Would it be acceptable for us to leave Iraq before it is politically
stable, and before the insurgency is calmed down?
If we don't leave, our not leaving is a big part of the political
instability. So it's an absurdity to talk in terms of, "How can we leave
before it is stable?" In fact, the presence of this huge American, and
other [countries'], occupation of this country is what is destabilizing
the country even more. It's a completely illogical conversation for
people to talk in terms of what is already, many believe, almost a civil
war, if not already a civil war. What we need to do is recognize that
Iraqis are going to have to stand on their own. When I suggest that we
withdraw the ground forces in a reasonable manner, this does not mean
that we do not continue reconstruction, it does not mean that we do not
continue to help the government, it does not mean that we do not have a
very strong partnership with the Iraqi government and the Iraqi people
on non-military issues as well as military issues.
This is not just leaving as we did in Vietnam or as we did in Somalia.
That's a mistake.
If after President Bush left, Harry Reid, Nancy Pelosi and Howard Dean
came to your office and said, "We need a more unified Democratic message
on Iraq," would you agree that there is a problem with the Democratic
message?
Absolutely. There is a real timidity and weakness in terms of Democrats
being willing to stand up to this error of American foreign policy. I
think one of the greatest errors in American foreign policy in our
modern lives is the divergence into Iraq that was done by the president.
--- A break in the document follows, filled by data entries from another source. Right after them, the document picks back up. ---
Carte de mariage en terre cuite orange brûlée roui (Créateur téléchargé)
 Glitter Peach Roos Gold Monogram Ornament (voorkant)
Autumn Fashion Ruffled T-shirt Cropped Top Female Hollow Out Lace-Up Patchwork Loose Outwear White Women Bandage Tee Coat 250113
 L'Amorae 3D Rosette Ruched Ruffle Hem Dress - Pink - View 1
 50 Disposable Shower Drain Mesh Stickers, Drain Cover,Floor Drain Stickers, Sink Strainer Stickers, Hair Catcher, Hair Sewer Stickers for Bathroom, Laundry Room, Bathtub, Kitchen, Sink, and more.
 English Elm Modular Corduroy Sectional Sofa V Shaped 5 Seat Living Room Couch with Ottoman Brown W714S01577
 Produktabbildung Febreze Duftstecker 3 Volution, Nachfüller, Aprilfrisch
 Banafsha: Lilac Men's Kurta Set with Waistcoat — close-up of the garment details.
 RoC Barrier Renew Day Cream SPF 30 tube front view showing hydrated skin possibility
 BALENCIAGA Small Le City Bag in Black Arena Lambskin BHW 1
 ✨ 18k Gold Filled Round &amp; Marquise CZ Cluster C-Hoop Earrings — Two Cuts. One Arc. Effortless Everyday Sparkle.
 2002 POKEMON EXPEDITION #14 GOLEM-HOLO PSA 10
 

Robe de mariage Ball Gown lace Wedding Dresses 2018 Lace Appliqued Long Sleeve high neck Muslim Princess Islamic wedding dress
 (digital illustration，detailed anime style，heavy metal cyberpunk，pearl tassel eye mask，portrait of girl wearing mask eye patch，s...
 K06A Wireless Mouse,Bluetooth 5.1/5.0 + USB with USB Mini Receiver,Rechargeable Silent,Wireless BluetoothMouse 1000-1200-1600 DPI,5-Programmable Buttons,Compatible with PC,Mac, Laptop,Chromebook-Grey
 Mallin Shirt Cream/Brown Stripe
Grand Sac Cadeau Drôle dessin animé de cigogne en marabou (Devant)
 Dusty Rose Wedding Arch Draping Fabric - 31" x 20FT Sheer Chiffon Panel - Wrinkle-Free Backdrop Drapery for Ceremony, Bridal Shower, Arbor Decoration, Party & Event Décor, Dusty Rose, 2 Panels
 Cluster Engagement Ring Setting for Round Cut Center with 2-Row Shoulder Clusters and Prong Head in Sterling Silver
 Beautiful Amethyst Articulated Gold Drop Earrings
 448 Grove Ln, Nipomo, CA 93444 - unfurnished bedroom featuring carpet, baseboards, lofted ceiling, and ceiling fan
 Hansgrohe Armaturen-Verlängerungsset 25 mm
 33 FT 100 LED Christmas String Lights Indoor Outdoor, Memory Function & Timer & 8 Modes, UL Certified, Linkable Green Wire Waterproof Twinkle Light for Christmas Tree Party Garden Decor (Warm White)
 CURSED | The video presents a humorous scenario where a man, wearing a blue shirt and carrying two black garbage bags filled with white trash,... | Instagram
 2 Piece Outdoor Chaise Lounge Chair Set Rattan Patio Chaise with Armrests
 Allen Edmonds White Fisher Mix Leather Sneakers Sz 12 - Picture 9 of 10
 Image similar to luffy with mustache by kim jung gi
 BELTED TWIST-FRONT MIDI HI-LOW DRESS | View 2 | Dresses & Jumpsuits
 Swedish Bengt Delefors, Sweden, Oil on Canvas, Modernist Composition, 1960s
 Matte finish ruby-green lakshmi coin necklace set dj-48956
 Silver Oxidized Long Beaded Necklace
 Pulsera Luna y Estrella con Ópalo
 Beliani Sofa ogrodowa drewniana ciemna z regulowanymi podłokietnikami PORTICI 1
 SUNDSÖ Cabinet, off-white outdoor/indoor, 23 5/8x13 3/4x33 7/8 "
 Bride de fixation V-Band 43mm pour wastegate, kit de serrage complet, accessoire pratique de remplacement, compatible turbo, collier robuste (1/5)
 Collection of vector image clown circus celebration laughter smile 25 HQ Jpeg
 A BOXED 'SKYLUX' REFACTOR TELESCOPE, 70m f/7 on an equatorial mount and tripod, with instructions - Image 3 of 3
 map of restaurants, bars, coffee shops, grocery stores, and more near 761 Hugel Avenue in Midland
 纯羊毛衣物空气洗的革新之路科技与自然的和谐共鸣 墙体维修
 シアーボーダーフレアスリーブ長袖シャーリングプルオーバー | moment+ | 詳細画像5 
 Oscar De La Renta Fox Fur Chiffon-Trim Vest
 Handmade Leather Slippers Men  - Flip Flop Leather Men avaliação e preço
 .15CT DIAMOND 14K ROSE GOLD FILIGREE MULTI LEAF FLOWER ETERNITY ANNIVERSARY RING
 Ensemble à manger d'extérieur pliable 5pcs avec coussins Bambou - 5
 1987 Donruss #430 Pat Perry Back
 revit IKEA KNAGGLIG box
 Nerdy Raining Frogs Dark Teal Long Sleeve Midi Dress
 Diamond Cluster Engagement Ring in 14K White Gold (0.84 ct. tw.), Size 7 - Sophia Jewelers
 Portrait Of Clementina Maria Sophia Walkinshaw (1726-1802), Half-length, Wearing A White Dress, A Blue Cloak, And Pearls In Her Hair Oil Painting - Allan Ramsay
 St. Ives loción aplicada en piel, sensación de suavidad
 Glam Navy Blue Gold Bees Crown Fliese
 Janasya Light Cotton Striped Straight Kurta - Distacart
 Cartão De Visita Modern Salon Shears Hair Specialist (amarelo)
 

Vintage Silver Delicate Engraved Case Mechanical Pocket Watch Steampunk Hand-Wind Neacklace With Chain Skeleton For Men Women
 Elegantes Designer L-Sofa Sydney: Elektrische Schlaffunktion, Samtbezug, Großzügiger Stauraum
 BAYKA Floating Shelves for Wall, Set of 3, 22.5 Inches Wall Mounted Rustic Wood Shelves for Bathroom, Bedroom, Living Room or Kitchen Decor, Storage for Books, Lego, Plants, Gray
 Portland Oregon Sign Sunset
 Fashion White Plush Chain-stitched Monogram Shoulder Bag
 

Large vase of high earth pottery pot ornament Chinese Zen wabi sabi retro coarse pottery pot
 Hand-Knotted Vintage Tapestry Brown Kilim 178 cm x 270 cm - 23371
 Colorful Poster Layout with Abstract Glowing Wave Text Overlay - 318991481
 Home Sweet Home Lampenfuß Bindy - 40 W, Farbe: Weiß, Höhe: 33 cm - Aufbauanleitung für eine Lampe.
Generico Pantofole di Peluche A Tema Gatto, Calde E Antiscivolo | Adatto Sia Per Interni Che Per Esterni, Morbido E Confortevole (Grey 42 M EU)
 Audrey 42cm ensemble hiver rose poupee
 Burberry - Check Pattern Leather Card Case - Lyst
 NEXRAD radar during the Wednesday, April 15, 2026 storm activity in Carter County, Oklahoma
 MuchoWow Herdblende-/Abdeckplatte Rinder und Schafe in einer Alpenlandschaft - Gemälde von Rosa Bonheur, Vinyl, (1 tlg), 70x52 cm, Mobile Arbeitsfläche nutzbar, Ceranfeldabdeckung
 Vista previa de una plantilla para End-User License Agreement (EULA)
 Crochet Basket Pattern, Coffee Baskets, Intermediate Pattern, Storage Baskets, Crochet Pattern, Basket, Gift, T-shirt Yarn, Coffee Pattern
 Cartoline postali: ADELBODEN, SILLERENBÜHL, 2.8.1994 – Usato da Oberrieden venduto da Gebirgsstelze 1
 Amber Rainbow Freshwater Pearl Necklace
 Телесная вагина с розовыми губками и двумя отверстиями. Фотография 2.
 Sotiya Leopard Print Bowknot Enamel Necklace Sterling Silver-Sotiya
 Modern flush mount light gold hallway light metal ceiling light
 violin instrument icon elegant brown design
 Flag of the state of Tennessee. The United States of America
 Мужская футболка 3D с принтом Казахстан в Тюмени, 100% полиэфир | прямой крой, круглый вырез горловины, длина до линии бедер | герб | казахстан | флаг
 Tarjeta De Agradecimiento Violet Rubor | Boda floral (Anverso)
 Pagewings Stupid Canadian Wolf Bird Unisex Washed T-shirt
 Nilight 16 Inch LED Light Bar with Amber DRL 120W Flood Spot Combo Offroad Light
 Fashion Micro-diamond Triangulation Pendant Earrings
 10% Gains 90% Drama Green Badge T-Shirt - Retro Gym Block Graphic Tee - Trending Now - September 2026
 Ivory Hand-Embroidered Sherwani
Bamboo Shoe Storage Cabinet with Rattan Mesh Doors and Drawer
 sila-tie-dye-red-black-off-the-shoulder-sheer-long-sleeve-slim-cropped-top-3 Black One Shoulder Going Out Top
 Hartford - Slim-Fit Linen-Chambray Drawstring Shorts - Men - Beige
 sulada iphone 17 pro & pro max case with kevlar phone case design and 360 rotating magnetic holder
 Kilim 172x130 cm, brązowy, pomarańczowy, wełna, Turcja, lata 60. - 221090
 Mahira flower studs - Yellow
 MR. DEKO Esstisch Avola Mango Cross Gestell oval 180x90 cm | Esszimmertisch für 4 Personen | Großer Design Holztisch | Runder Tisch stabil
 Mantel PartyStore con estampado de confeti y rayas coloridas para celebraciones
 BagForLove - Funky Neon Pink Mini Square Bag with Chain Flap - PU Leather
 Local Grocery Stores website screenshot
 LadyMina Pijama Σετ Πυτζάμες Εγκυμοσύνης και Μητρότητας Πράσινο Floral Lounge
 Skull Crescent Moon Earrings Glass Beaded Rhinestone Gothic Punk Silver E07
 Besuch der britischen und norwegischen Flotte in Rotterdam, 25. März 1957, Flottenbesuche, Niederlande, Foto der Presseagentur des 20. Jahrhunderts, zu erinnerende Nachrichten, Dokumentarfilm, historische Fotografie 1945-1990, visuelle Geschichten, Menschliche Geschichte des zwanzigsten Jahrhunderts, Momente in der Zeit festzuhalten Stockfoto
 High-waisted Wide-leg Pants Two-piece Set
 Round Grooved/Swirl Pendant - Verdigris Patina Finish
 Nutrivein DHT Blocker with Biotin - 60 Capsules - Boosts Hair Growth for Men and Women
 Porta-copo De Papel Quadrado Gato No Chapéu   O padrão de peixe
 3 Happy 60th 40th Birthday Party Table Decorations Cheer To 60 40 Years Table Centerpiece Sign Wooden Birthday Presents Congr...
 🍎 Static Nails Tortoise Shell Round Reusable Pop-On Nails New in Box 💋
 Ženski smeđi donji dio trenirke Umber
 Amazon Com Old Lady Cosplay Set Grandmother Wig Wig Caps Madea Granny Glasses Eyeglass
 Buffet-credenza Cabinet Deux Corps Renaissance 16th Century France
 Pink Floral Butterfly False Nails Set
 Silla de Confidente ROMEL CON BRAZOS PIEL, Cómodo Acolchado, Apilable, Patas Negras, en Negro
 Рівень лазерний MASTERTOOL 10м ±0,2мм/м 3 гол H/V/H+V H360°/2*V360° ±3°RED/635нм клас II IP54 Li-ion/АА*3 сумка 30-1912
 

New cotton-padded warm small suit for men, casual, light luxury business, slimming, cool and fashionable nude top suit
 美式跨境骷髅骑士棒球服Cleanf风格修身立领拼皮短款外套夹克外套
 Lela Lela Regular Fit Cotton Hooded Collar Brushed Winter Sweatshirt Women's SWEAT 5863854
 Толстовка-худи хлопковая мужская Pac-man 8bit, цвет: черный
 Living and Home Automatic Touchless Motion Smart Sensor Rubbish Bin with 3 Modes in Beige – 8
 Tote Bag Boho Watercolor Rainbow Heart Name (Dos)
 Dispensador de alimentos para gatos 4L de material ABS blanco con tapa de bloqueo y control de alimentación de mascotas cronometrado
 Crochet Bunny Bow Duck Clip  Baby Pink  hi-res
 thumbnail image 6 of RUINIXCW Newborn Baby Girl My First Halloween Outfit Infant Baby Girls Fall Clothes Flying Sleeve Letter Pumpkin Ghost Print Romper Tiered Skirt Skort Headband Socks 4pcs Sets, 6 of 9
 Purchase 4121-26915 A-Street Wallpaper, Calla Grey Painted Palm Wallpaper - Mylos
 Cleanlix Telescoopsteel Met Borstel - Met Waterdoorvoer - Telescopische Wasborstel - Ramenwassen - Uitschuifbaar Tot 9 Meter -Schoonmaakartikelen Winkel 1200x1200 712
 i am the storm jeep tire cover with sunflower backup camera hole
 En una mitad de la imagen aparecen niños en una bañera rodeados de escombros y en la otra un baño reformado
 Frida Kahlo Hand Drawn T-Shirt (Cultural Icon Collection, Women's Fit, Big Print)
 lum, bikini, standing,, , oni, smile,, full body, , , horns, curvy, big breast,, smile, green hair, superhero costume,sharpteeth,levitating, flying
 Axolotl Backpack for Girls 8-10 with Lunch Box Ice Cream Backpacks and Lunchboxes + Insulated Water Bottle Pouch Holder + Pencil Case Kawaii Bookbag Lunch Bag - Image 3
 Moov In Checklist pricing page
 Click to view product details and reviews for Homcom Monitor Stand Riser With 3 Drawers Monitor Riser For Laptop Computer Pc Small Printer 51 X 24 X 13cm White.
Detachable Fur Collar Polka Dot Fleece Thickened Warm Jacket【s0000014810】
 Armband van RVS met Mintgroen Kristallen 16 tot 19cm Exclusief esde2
It is not sufficient for Democrats to point out the dishonest way we
were taken into war. Nor is it sufficient for Democrats to simply point
out that what is being done now is extremely mistaken. Democrats have to
talk in terms of a strategy that, if they were in the White House, they
would implement to successfully finish this particular mission, but more
importantly, to get back to the real focus on the terrorist networks
that attacked us on 9/11.
The Democratic message shouldn't begin with Iraq. The Democratic message
should begin with, "We are committed to fighting and defeating the
terrorist elements that attacked us on 9/11."